The Fruitlet Growth Model specifies that growers choose the number of trees and the number of clusters per tree they want to size. While the original model suggests using 15 clusters per tree across 7 trees for a total of 105 clusters, we instead use 7 clusters per tree across 10 trees for a total of 70 clusters. This is because using fewer clusters has been previously adopted by apple growers to save time acquiring data. For example, Michigan State University⁵⁵5https://mediaspace.msu.edu/media/How+to+Use+the+Fruit+Growth+Model+to+Guide+Apple+Thinning+Decisions/1_o359pflp and the University of Massachusetts⁶⁶6https://ag.umass.edu/fruit/fact-sheets/hrt-recipe-predicting-fruit-set-using-fruitlet-growth-rate-model suggest using 5 trees with either 15 or 14 clusters per tree respectively. Additionally, spreading clusters over more trees allows us to collect data on a wider range of fruitlet sizes and appearances. This is advantageous as it allows us to evaluate our system’s performance on a more diverse and representative set of fruitlets. Because our objective is to compare predicted thinner response between computer vision and hand-caliper growth rates, and not compare against actual abscise rates, this is a fair sampling strategy for the purpose of this work.

We hang AprilTags [33] to identify the selected clusters and fruitlets. AprilTags were selected because they allow for fast identification in computer vision systems. The AprilTag is only used for identifying the cluster id in addition to determining which fruitlet cluster is the target cluster, as described in Section III-E. Each fruitlet in each cluster is assigned a unique id written on the back which is used for evaluating against ground truth. An example of tagged fruitlet trees and clusters can be seen in Fig. 2.

III-C Image Capture

Images are captured using an in-hand version of the illumination-invariant flash stereo camera presented by Silwal et al. [28]. Stereo camera systems are commonly used in agriculture to extract 3D information as a result of their reliability and low cost. They resolve finer details compared to systems that use LiDAR [34, 35, 36], and flash-based systems are more resilient to varying illumination conditions (Fig. 3 c-d) where RGB-D sensors inconsistently perform [24, 22].
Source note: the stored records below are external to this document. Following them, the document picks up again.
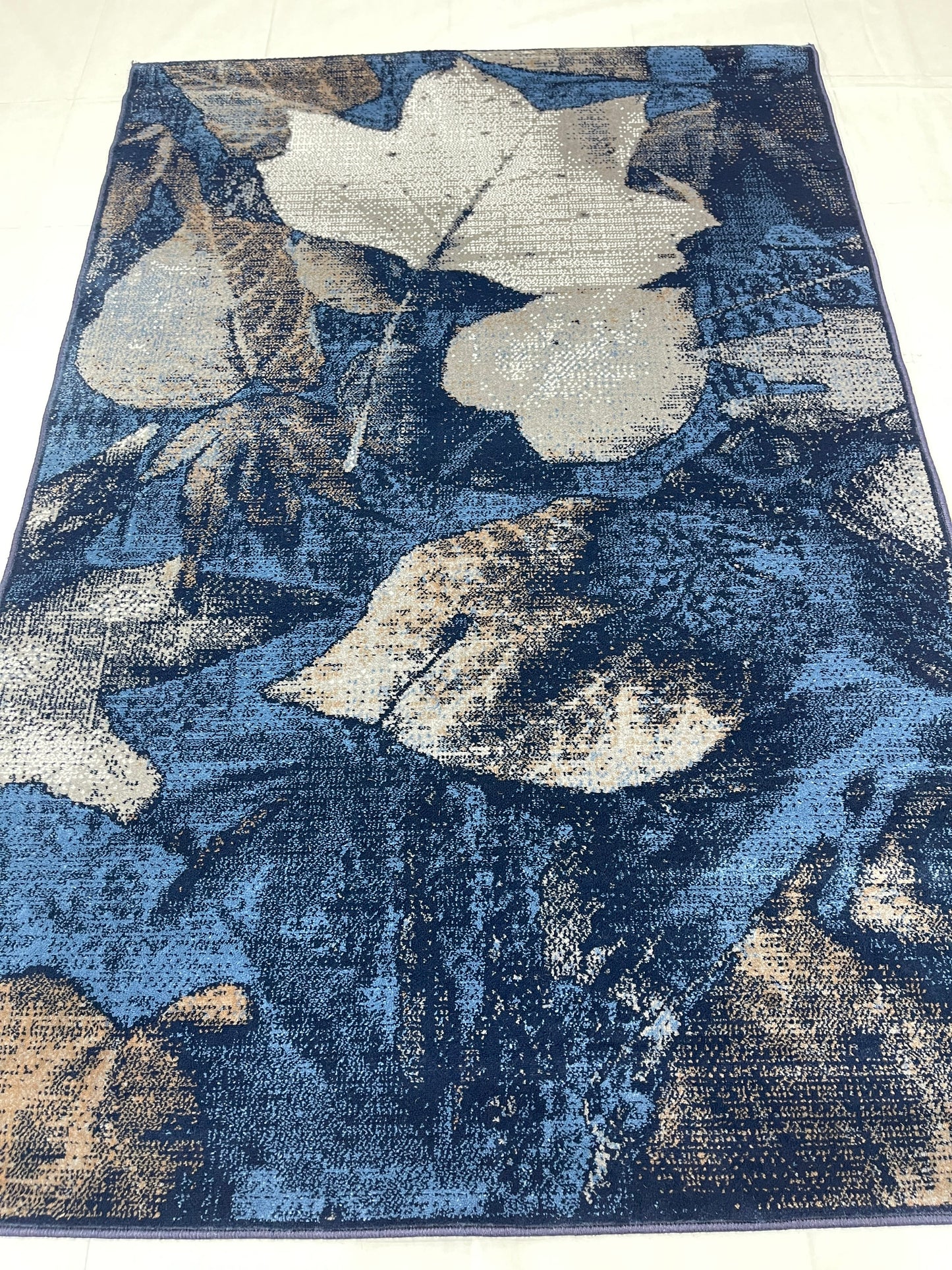 Modern Polypropylene Rug,back woven(Article-886-Blue)
Size : 5ft width x 7.3ft length (150cm x 220cm)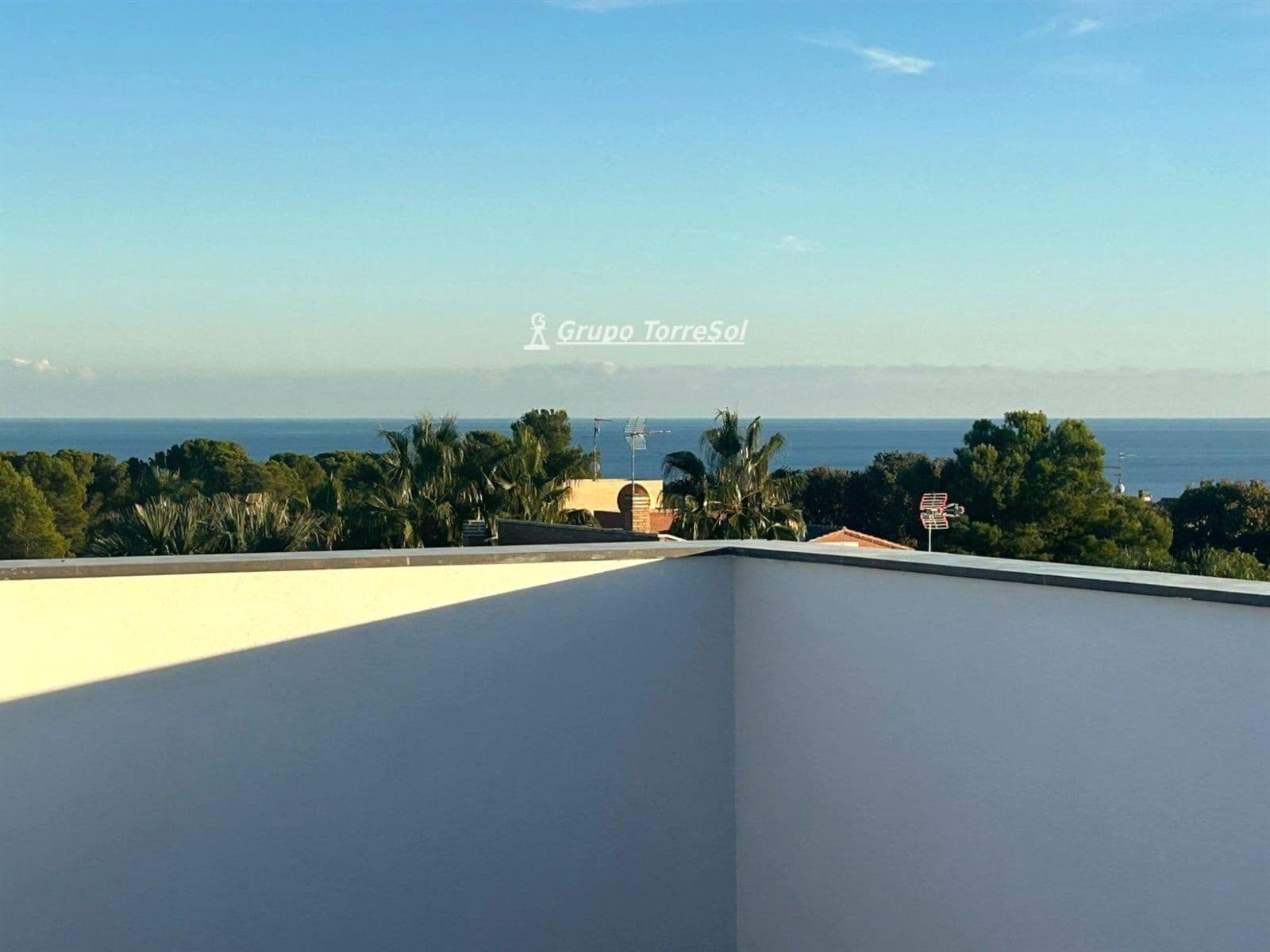 5 soveværelse Villa til salg i Calafell med swimmingpool garage - € 795.000 (Ref: 9536203)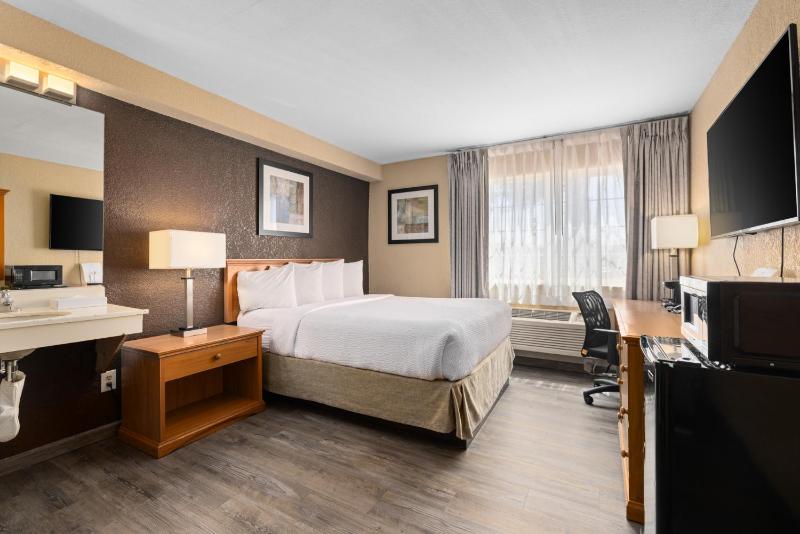Ramada by Wyndham Portland - image 28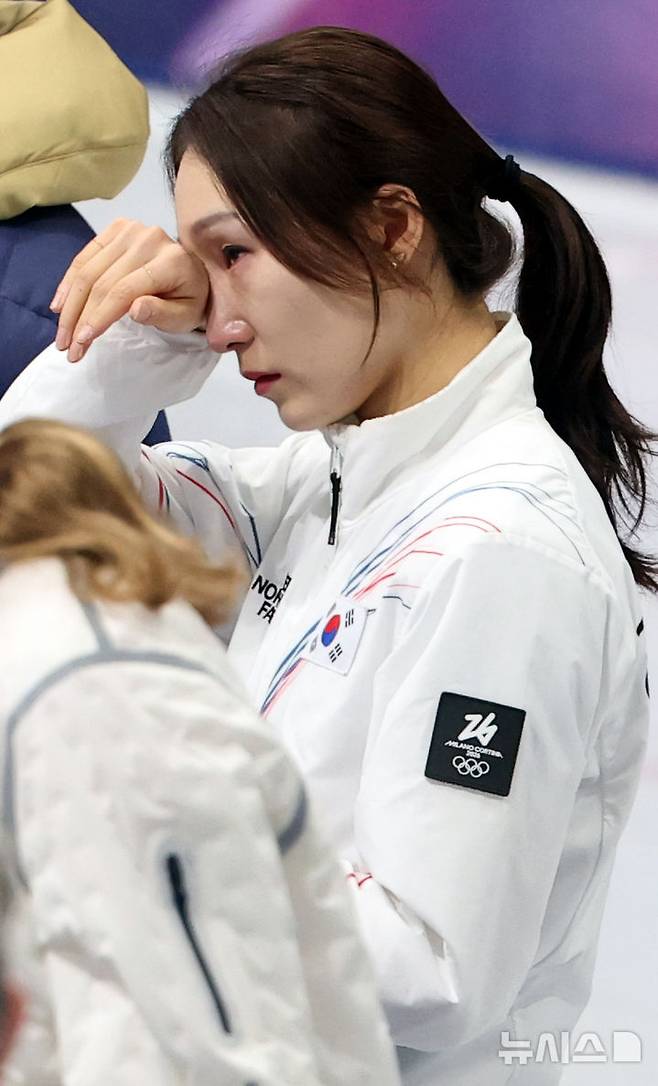 [밀라노=뉴시스] 박주성 기자 = 20일 (현지 시간) 이탈리아 밀라노 아이스 스케이팅 아레나 경기장에서 열린 2026 밀라노·코르티나담페초 동계올림픽 쇼트트랙 여자 1500m 결승에서 은메달을 획득한 최민정이 시상대에서 눈물을 흘리고 있다. 2026.02.21. park7691@newsis.com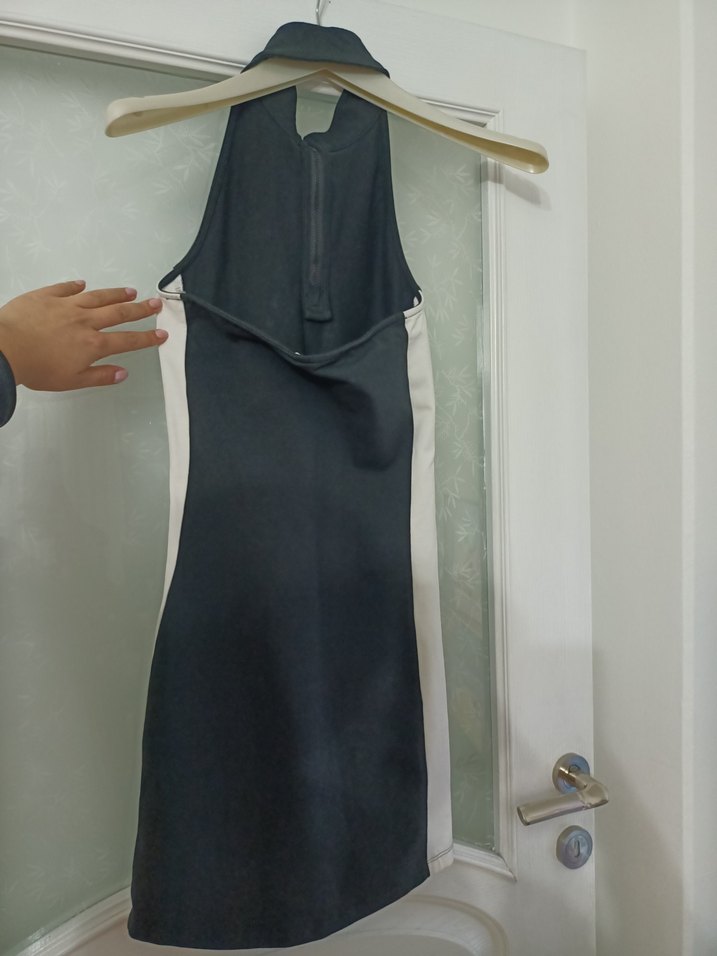 Puma Siyah-Beyaz Yarım Fermuarlı Midi Elbise - Görsel 2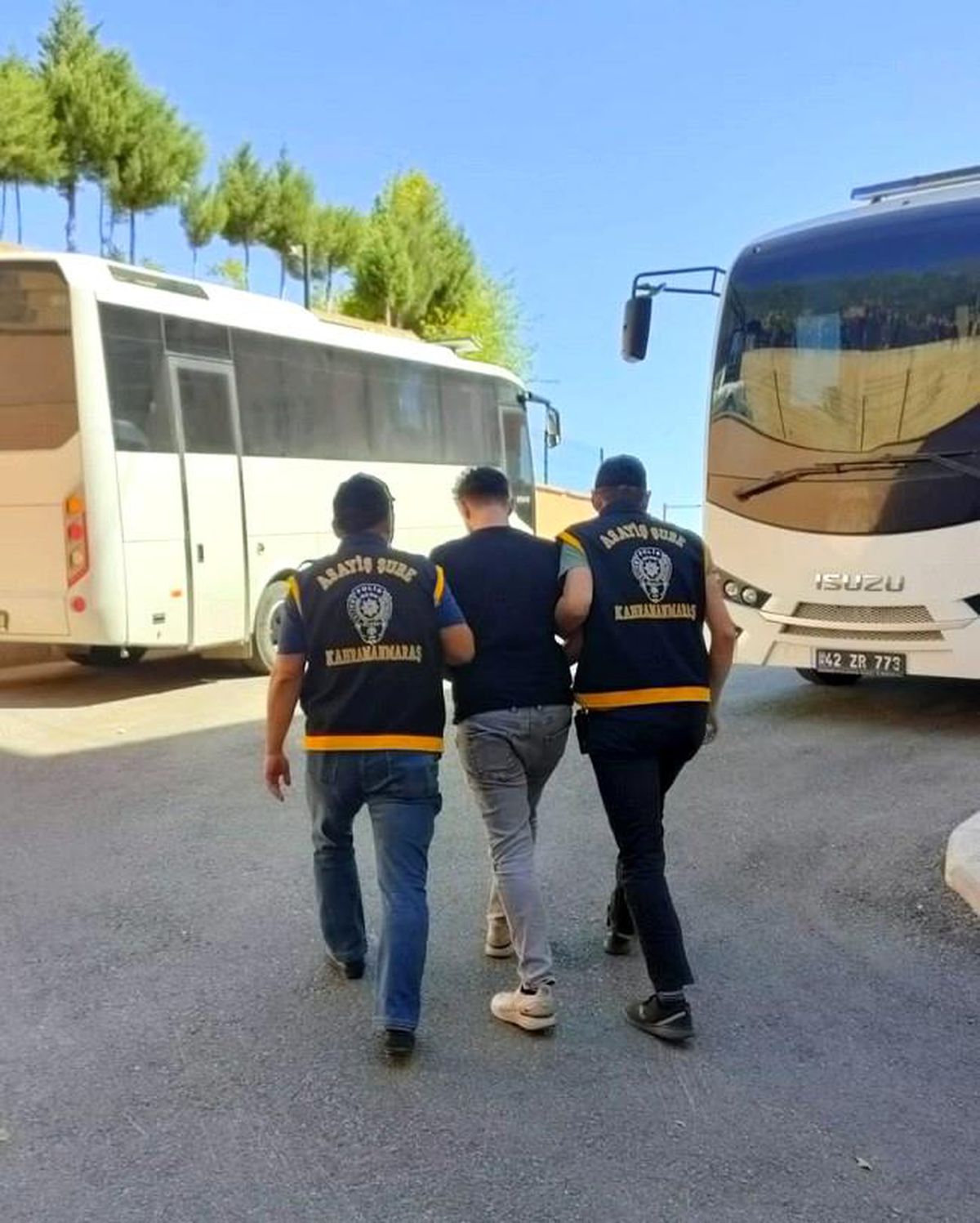 Kahramanmaraş\'ta 35 yıl 8 ay hapis cezasıyla aranan hükümlü yakalandı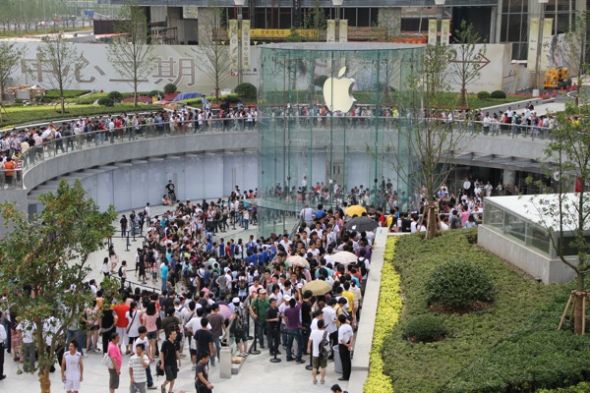 中国上海的苹果零售店异常火爆 中国上海的苹果零售店异常火爆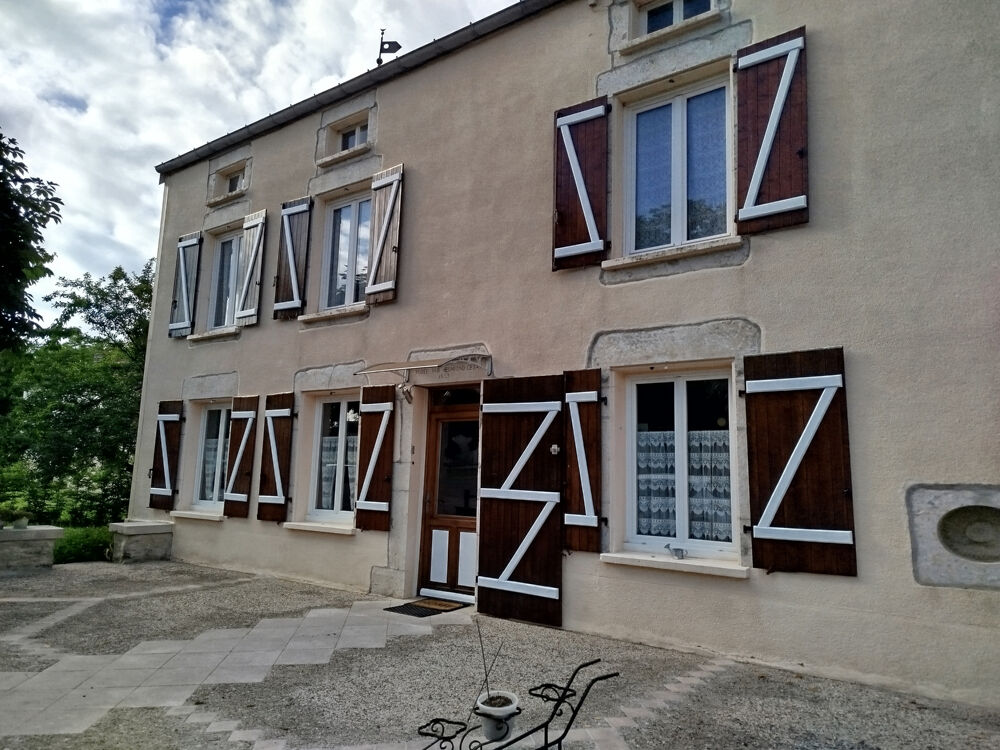 Vente Maison MAISON EN PIERRE NON MITOYENNE 220 M2 - 5 CHAMBRES - TERRAIN 1600 M2 Chassigny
To facilitate data collection, we designed a custom setup that consists of the stereo camera connected via USB to a laptop to save the captured images. A phone is mounted on the back and connected via USB-C to the same laptop to allow the user to visualize and assess the quality of the images in real-time. When imaging, one to two images per cluster are captured per day. The reason for this is because we want to limit both the amount of time apple growers need to spend in the field acquiring images and the computational time required to post-process the data. Taking many images or long video sequences significantly adds time to both processes, which results in reduced benefit. Ideally, one image per cluster is taken, but two images are used when not every fruitlet is visible in a single image as a result of occlusions.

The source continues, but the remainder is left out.